Monday, September 30, 2013

Andrew Jackson, technical director, IFFO, the Marine Ingredients Organisation, UK

Andrew Jackson, technical director, IFFO, UK started his career working in the world of research on fish nutrition in a number of different species including trout, salmon and tilapia.
He was recruited by Unilever to work in their fish feed company and he later transferred to Marine Harvest, which was their salmon farming company. Jackson then spent nearly twenty years working for Marine Harvest in a range of different roles in both Scotland and Chile before joining IFFO in 2006.
His current role as technical director at IFFO includes responsibility for the technical area including regulatory affairs and IFFO’s Global Standard for Responsible Supply (IFFO RS).

This interview appeared in the September October 2013 edition of International Aquafeed magazine


What are IFFO’s aims?

We are a membership organisation, with producer members in many countries. In addition we have associate members who are other stakeholders including, traders, feed producers, farmers, even retailers. Our task is to support our members and their products. This includes market information, regulatory support, arranging conferences and giving advice on best industry practice. The latter issue led to IFFO working with other stakeholders, including environmental NGOs, to come up with its IFFO RS standard in 2009.

What do you consider IFFO’s greatest achievements or successes?

Under different names the organisation has been around for over 50 years and has built its reputation in three key areas. Firstly, it has huge amounts of information about global fishmeal and fish oil markets, where it is produced, how it is sold and who are the end users. Secondly, it is recognised as the only organiser of twice yearly conferences which cover all aspects of the marine ingredient industry from raw materials through to finished products. Finally, over the years IFFO has built up a reputation for its technical knowledge in many different areas and this has been added to with the success of its Responsible Supply standard.

What role can marine ingredients play in sustainable aquaculture?

First and foremost it is important that any marine ingredients used are not considered to be coming from unsustainable sources as this undermines the reputation of the resulting farmed products. So it is becoming increasingly important to farmers and feed producers that any marine ingredients used come from demonstrably well-managed fisheries.

How can fishmeal be used strategically in aquafeeds?

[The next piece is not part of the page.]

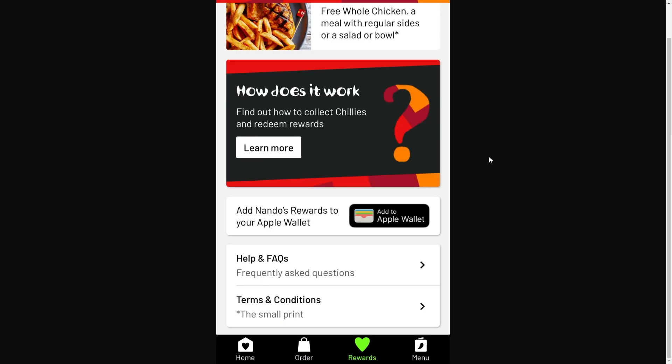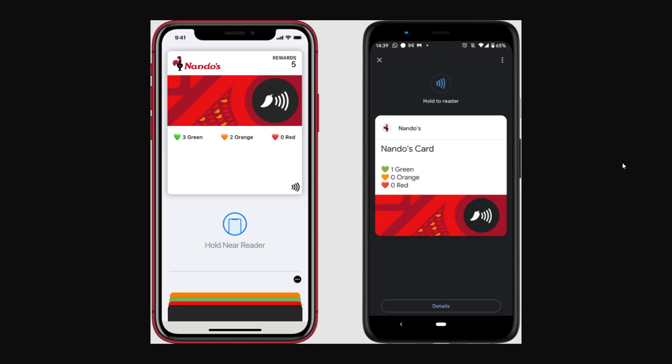On the rewards page you can scroll down to the bottom and you'll see a button that says 'Add to Apple Wallet' — in this case it says 'Add Nando's Rewards to your Apple Wallet.' When you find that button, simply click it and a pop-up will appear on your screen asking if you want to add it to your wallet. Click 'Add,' follow the on-screen instructions, and once you do that you've successfully added it to your Apple Wallet.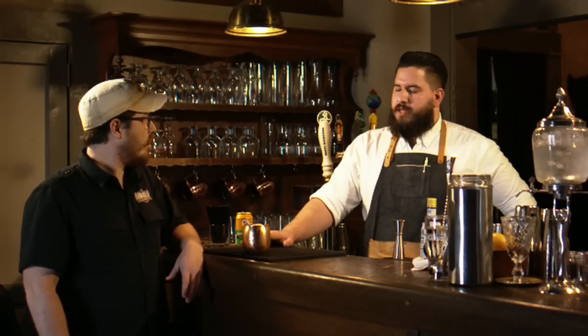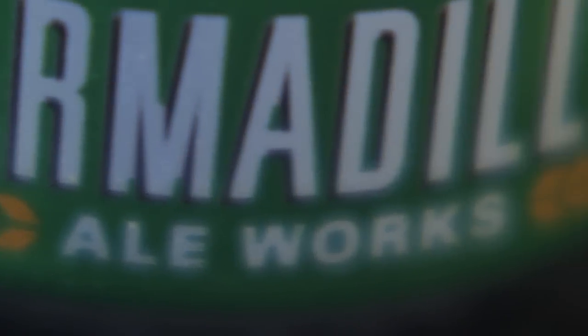And of course you need some citrus. We didn't want to put too much grapefruit in there — we want to let the grapefruit shine from the beer. And then we just topped it off with the Greenbelt, keeping it local.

With decreasing inclusion levels of fishmeal in many diets, as already mentioned, it is important to make sure that the quality of the remaining fishmeal is as high as possible. Also, while it is often possible to reduce the fishmeal inclusion level in many grower diets, without seriously compromising performance, so long as care is taken to balance the essential amino acids, it is important to maintain the fishmeal level in other diets. Young fish and crustaceans have higher protein requirements than growers and also faster potential growth rates. Additionally, any growth lost in the early stages is very difficult to make up later. It therefore often pays to maintain the fishmeal level in the early diets, whilst making savings in grower diets. The same is true of broodstock diets where health status and the quality of the resulting eggs is too important to risk by cutting corners in diet formulation. 

The prospect for increasing the production of fishmeal and fish oil is limited. Do you foresee demand exceeding supply?

Potential demand has exceeded supply for some considerable time but over the last decade world fed aquaculture has doubled its output to well over 30 million tonnes while only using around 3 million tonnes of fishmeal. I see no reason why this trend will not continue. The picture for fish oil is more complicated: I do not see the growth of aquaculture being limited by the availability of fish oil, but with reducing fish oil inclusion levels, the health giving properties of some finished products, such as salmon fillets, will decrease.

Will the reintroduction of PAPs in the EU affect fishmeal and fish oil use?

My understanding is that the non-use of PAPs in Europe has less to do with the regulations and more to do with the concerns of the major retailers about the reaction of consumers to feeding land animal proteins to fish. If that is the case, then at least in the short-term, I do not see any dramatic effect coming from the change in regulations.
Will the lifting of the discard ban in the EU have an impact on fishmeal and fish oil production?
It is too early to tell if the new Common Fisheries Policy’s ban on discards will produce significant volumes for our industry. Clearly the main aim of any policy change will be to reduce the catches of unwanted fish. The details of the new CFP in this area are still to be agreed and we are watching developments with interest, but early indications are that volumes of fish for our industry are unlikely to increase significantly with the proposed changes.

How does the IFFO RS Standard help ensure responsible sourcing and production of fishmeal?

Qware of concerns in these important areas, IFFO set up a Technical Advisory Committee with a range of stakeholder members including marine environmental NGOs. Over a two-year period this group wrote what is the IFFO Global Standard for the Responsible Supply of Fishmeal and Fish Oil (IFFO RS). The standard covers what a factory must be doing to be considered responsible. This includes both the raw material sourcing (whole fish and fishery by-products) and the manufacturing practices of the applicant. To prove that a factory meets the standard the applicant must undergo a rigorous audit by a third party auditor to demonstrate that the standard is met. Last year the management of the standard was itself fully accredited to the ISO 65 standard.